## Aim of the exercise
A word-for-word copy of the listing, free of images, is the expected answer.

## Data provided

★ ★ ★ ★ ★

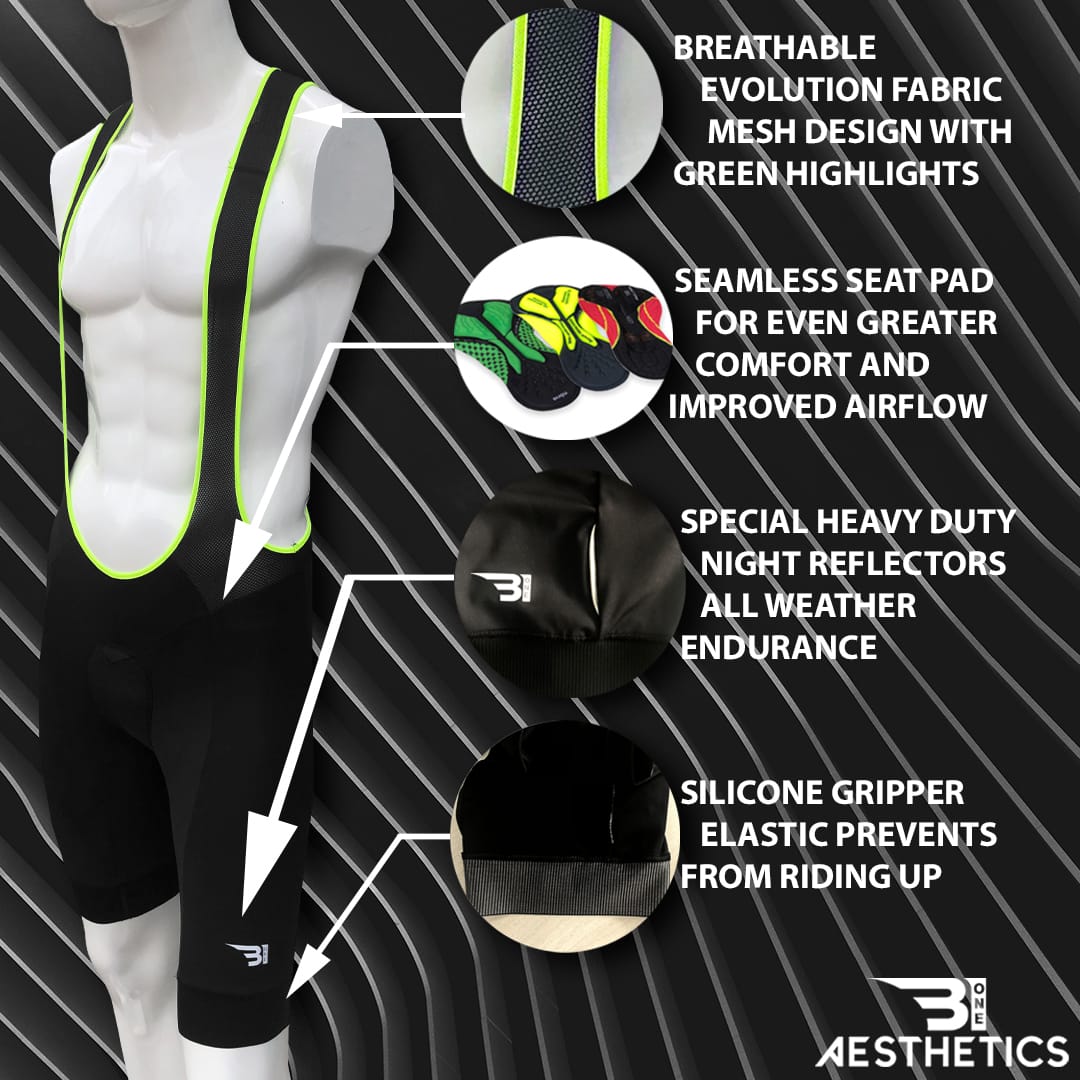 B1 Endurance Cycling Bib - Image 2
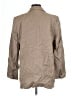 Zara 100% Viscose Tan Blazer Size L - photo 2
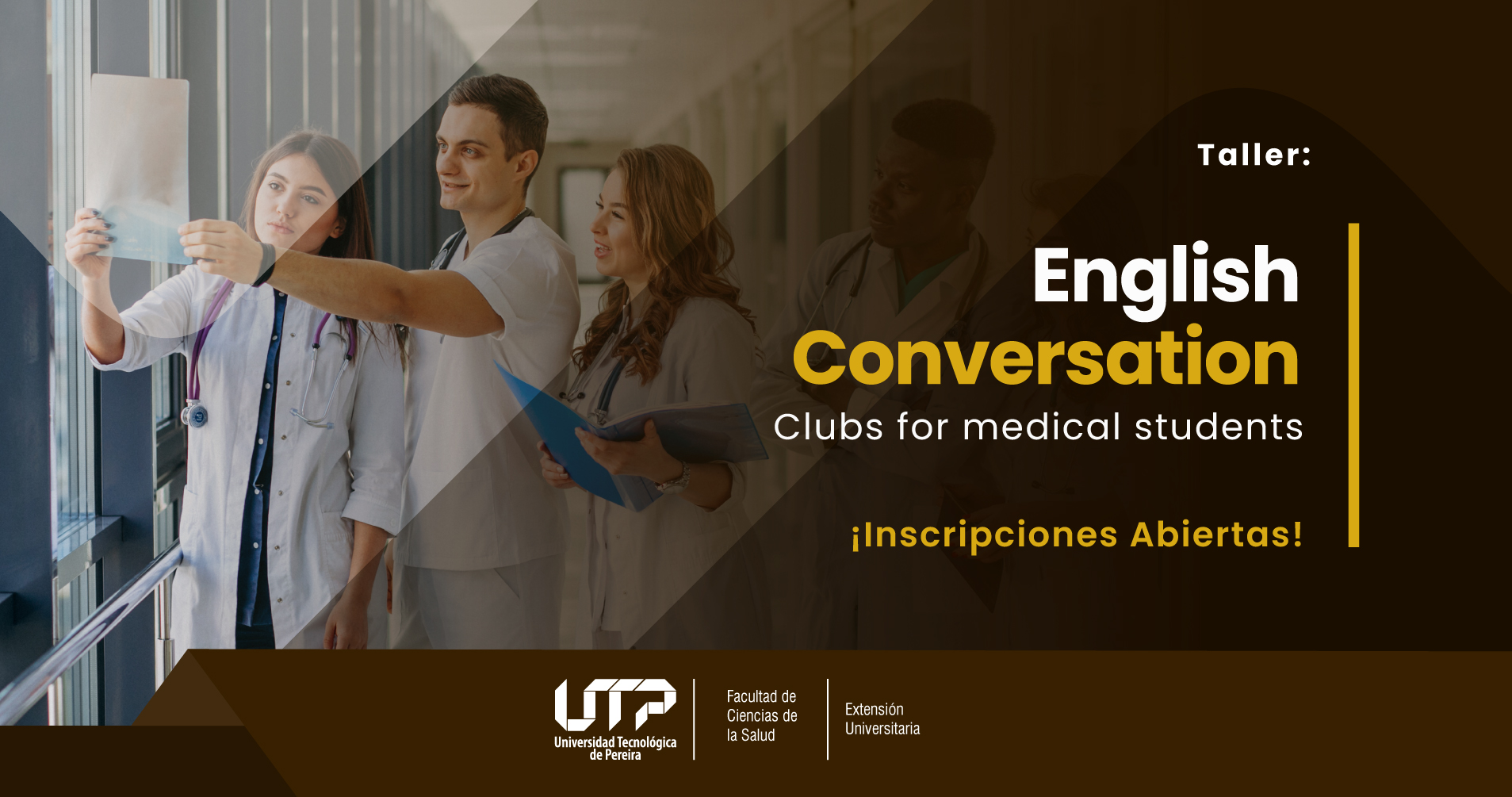 ENGLISH CONVERSATION CLUBS FOR MEDICAL STUDENTS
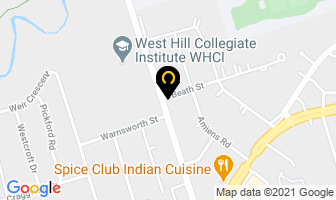 Diverse Merchandising Solutions in Orillia map
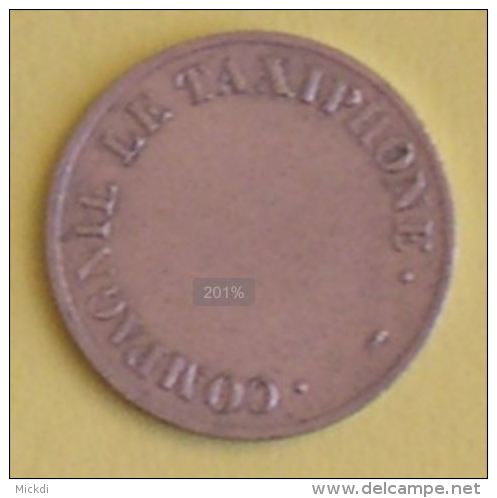 COMPAGNIE LE TAXIPHONE - DIMENSION : 2,4 Cm - Graveur Monnaies De Paris Corne D´abondance ? 2 Scans - Professionals/Firms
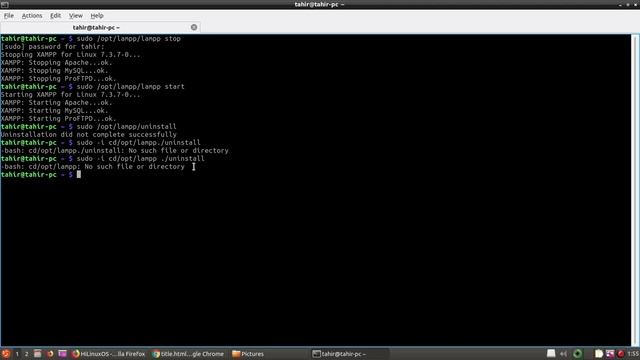 How to Uninstall XAMPP Server in Linux смотреть онлайн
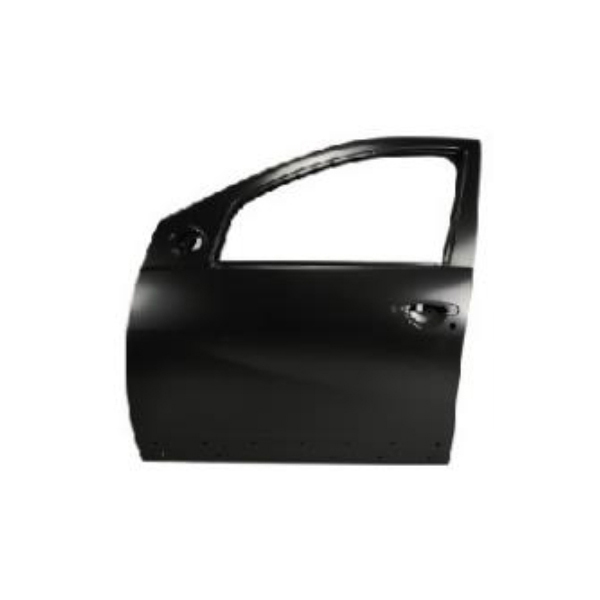 PUERTA DELANTERA ESCALONADA DE REPUESTO LH(W/O), 2009, PARA DACIA SANDERO, 801015127R, (ACERO)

★ ★ ★ ★ ★

## Result of this exercise
 B1 Endurance Cycling Bib - Image 2
 Zara 100% Viscose Tan Blazer Size L - photo 2
 ENGLISH CONVERSATION CLUBS FOR MEDICAL STUDENTS
 Diverse Merchandising Solutions in Orillia map
 COMPAGNIE LE TAXIPHONE - DIMENSION : 2,4 Cm - Graveur Monnaies De Paris Corne D´abondance ? 2 Scans - Professionals/Firms
 How to Uninstall XAMPP Server in Linux смотреть онлайн
 PUERTA DELANTERA ESCALONADA DE REPUESTO LH(W/O), 2009, PARA DACIA SANDERO, 801015127R, (ACERO)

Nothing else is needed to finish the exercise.